Ah yes, the lauded beta phase. The thing that everyone who's never written a line of code in their lives goes back to in order to defend that they must be right and that Microsoft is a piece of shit company that can't do anything right. They say that "Oh, but they didn't catch it in the beta phase. They suck!"
Oh, so tell me why
despite the
very real fact that Mozilla Firefox undergoes beta testing before every new release yet a week or two after a big release there's a .1 and a .2 update afterward? You'll tell me that they should have fixed these bugs in beta and that they shouldn't have released it knowing that they had those bugs. To which if that were the case a new version of Firefox would never be released because the testing would never be finished. Eventually, something has to released and no matter how much testing you do inside a closed environment there's always going to be bugs found once it has been released to the public because that's how things work. You know what they say about the best-laid plans, right?
So here we have Mozilla and they're writing a web browser, something that is a tiny fraction of the size of the codebase that Windows consists of and yet even Mozilla with it being open source and all and they even can't get things right. And like I said before, Apple can't even get it right and they control the whole ecosystem from the top to the bottom. And what about nVidia, they release new versions of their drivers every month and what do they do? Oh yeah, they fix bugs. The same can be said about how AMD does the same with new driver versions. Google comes out with new versions of Android every year and yet despite how long each new version of Android spends in beta they still find and fix bugs months later. Google does the same with Google Chrome, they come out with new versions of Google Chrome every month or two and yet despite all of the testing and how much of Google Chrome is based upon the open source Chromium, they still find and fix bugs. The same can be said about the open source Linux kernel and how each new version of the Linux kernel fixes bugs all the time.

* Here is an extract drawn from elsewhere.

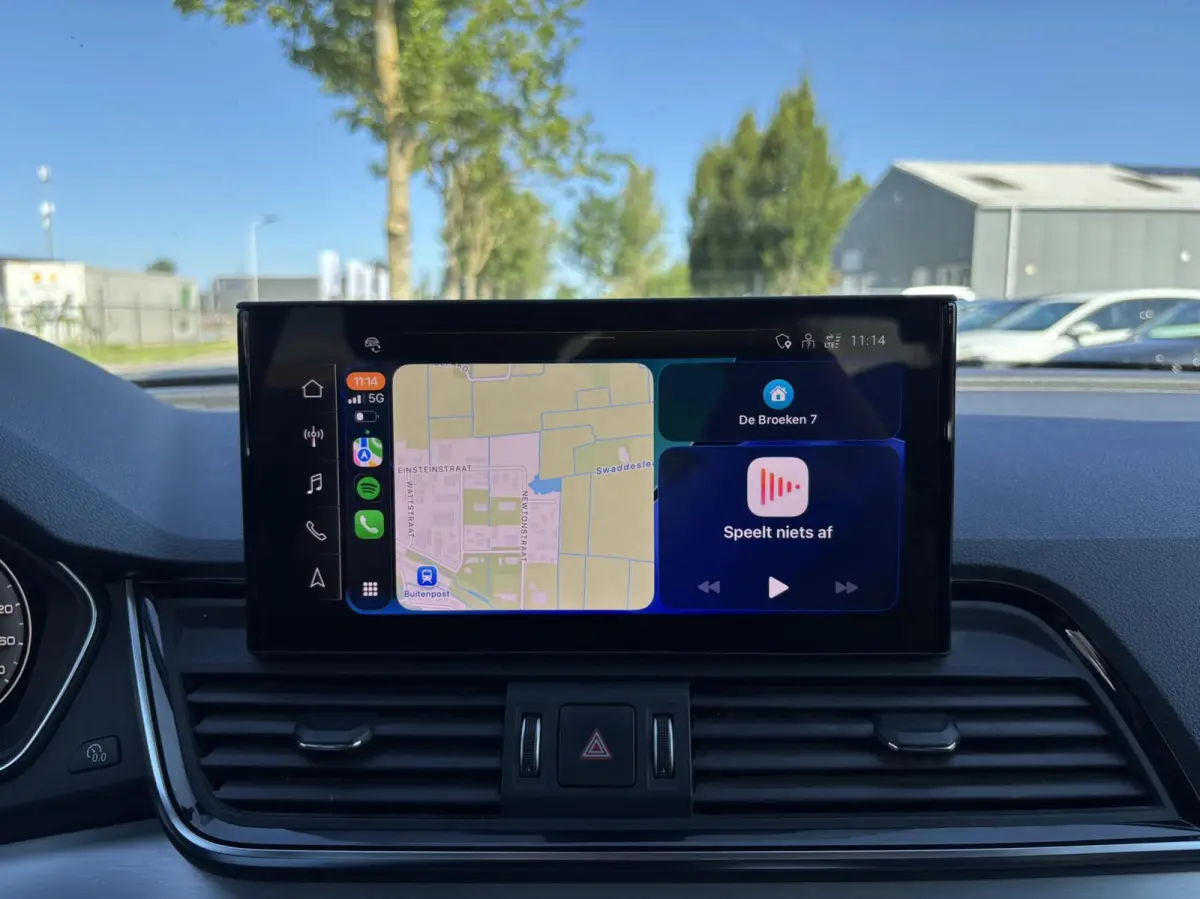 50 TFSI e S edition s-line keyless acc camera apple carplay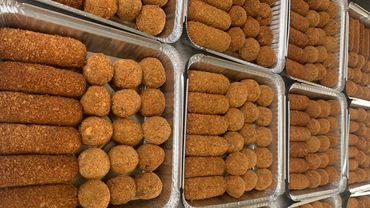 home delivery, catering dutch food. Croquettes and bitterballen.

I really can go on all day and all night citing example after example after example but you'd tire of that so I've purposely limited it to a few examples of how and where things have gone wrong despite the oh so lauded beta phase.
So what have we learned here folks!?!? That the almighty beta phase doesn't catch everything. You eventually need to throw it out to the public and have people bang on it for bugs to come to the surface and have things fixed. Anyone who doesn't understand this has never written a line of programming code in their lives and need to back up and shut up for you don't know what you're talking about. I, myself, have written programming code so I do indeed have an idea of just how many things can go wrong despite how much testing is done once something has been thrown to the sharks.
I am not defending Microsoft in any way, I'm simply pointing out that despite how much testing is done no matter what project you're talking about you cannot find and fix all of the bugs in a closed testing environment. You eventually need to throw it out to the sharks and hope for the best. Sometimes it works and no bugs are found but that's a rarity with today's massive programs that can have tens of millions of lines of code.
No, it isn't. There's no need to update what works. The drivers are not the problem.
If Microsoft changes an API then yes, drivers need to be fixed. Oh, but you say that there should be backward compatibility so that existing drivers continue working but that backward compatibility then results in a layer on top of a layer on top of a layer of code that results in an ever-increasing massive heap of code.
See OS/2 if you're unclear on how aggressively.
The size of the OS/2 codebase doesn't even come close to the size of the codebase that is Windows. Come back to me with a better example. Oh yes, we have such an example already. The Linux kernel but I already talked about that above so yeah...
I have written this post to point out several and
very valid examples of things that can and have gone wrong even with projects that are a tiny fraction of the size of Windows; namely Firefox and Google Chrome. I have even cited the Linux kernel which is on the order of the size of Windows yet despite the fact that it's open source bugs can still slip through the cracks and new versions need to be released to fix them. I have even cited Google Android. And then there's MacOS and Apple iOS that despite how they control the whole ecosystem from top to bottom they still indeed have to fix bugs.